▶ PROBLEM DETAILS: Transcribe verbatim the span of lines that opens with the line containing "January 2024 Calendar" and closes with the last line of the data below.

--- DATASET EXCERPTS Enclosed Below ---

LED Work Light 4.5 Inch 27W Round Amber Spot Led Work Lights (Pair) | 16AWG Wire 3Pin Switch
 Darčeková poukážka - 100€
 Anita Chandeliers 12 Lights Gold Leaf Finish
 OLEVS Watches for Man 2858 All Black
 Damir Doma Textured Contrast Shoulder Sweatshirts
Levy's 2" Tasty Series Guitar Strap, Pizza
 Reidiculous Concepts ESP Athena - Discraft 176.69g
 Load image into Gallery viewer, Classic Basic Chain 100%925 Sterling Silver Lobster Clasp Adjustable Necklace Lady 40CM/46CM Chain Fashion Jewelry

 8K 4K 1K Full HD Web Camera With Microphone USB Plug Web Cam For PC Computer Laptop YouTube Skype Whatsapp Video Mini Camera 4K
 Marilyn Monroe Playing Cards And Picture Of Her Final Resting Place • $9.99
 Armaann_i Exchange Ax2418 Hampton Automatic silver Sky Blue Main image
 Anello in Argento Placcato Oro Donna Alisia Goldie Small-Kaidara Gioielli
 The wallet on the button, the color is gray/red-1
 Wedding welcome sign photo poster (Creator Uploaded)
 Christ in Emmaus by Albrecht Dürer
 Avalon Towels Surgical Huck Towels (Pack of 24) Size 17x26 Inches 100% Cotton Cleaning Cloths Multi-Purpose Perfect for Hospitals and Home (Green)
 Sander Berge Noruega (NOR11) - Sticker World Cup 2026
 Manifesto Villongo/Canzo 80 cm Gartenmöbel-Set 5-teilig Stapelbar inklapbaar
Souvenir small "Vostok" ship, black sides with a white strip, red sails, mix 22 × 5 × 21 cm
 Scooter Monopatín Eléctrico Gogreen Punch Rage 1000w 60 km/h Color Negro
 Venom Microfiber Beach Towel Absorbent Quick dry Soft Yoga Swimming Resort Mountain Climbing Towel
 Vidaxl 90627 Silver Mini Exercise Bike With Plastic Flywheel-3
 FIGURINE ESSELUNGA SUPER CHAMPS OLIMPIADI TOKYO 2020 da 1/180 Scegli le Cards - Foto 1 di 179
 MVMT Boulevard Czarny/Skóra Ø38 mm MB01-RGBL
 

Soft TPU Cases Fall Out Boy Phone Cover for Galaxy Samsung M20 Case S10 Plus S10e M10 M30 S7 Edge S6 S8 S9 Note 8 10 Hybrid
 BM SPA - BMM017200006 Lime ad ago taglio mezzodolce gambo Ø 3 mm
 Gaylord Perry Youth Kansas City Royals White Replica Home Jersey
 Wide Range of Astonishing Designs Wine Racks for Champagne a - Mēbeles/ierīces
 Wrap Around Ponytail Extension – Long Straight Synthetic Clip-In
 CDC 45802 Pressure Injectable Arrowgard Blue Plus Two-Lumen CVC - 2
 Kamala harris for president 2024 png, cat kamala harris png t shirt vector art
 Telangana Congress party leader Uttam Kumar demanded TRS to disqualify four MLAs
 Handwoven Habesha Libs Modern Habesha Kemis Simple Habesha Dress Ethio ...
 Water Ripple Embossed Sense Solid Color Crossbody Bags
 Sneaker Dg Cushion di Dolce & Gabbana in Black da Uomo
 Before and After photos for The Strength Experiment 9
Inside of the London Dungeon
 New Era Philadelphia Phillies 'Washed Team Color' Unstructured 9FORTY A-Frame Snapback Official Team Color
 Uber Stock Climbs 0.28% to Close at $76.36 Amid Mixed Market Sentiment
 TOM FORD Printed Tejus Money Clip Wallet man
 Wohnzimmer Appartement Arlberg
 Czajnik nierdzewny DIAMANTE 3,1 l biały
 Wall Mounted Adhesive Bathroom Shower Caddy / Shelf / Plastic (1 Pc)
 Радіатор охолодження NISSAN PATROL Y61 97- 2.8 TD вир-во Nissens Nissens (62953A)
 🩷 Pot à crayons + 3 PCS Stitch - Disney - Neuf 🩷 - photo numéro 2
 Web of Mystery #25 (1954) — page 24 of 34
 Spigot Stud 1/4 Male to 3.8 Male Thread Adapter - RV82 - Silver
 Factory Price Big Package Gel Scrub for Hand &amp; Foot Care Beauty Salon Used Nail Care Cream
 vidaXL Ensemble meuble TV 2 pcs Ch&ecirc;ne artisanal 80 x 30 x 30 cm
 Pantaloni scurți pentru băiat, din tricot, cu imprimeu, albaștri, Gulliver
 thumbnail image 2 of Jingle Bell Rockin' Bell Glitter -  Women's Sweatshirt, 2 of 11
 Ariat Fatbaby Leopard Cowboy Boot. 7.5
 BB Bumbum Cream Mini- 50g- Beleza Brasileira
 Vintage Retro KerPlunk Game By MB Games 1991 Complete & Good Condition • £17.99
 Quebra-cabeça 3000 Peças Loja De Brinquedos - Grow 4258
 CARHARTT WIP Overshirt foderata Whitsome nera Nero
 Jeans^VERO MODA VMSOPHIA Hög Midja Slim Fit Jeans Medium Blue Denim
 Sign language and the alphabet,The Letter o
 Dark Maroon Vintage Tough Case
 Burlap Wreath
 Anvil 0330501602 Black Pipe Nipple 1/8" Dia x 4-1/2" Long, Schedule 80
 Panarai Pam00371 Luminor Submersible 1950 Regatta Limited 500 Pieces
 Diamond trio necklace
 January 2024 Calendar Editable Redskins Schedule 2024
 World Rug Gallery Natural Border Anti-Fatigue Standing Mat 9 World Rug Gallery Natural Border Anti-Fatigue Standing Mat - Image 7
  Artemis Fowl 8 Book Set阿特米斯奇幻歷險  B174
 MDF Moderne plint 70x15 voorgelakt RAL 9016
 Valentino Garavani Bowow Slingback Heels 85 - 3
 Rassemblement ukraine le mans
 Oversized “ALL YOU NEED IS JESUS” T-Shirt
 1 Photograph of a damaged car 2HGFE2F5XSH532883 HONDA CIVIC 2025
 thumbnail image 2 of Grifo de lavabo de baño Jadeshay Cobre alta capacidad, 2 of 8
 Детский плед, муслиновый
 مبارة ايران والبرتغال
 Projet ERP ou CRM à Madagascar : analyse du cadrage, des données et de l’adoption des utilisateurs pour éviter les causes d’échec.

--- End of Enclosed DATASET EXCERPTS ---

▶ YOUR RESPONSE:
 January 2024 Calendar Editable Redskins Schedule 2024
 World Rug Gallery Natural Border Anti-Fatigue Standing Mat 9 World Rug Gallery Natural Border Anti-Fatigue Standing Mat - Image 7
  Artemis Fowl 8 Book Set阿特米斯奇幻歷險  B174
 MDF Moderne plint 70x15 voorgelakt RAL 9016
 Valentino Garavani Bowow Slingback Heels 85 - 3
 Rassemblement ukraine le mans
 Oversized “ALL YOU NEED IS JESUS” T-Shirt
 1 Photograph of a damaged car 2HGFE2F5XSH532883 HONDA CIVIC 2025
 thumbnail image 2 of Grifo de lavabo de baño Jadeshay Cobre alta capacidad, 2 of 8
 Детский плед, муслиновый
 مبارة ايران والبرتغال
 Projet ERP ou CRM à Madagascar : analyse du cadrage, des données et de l’adoption des utilisateurs pour éviter les causes d’échec.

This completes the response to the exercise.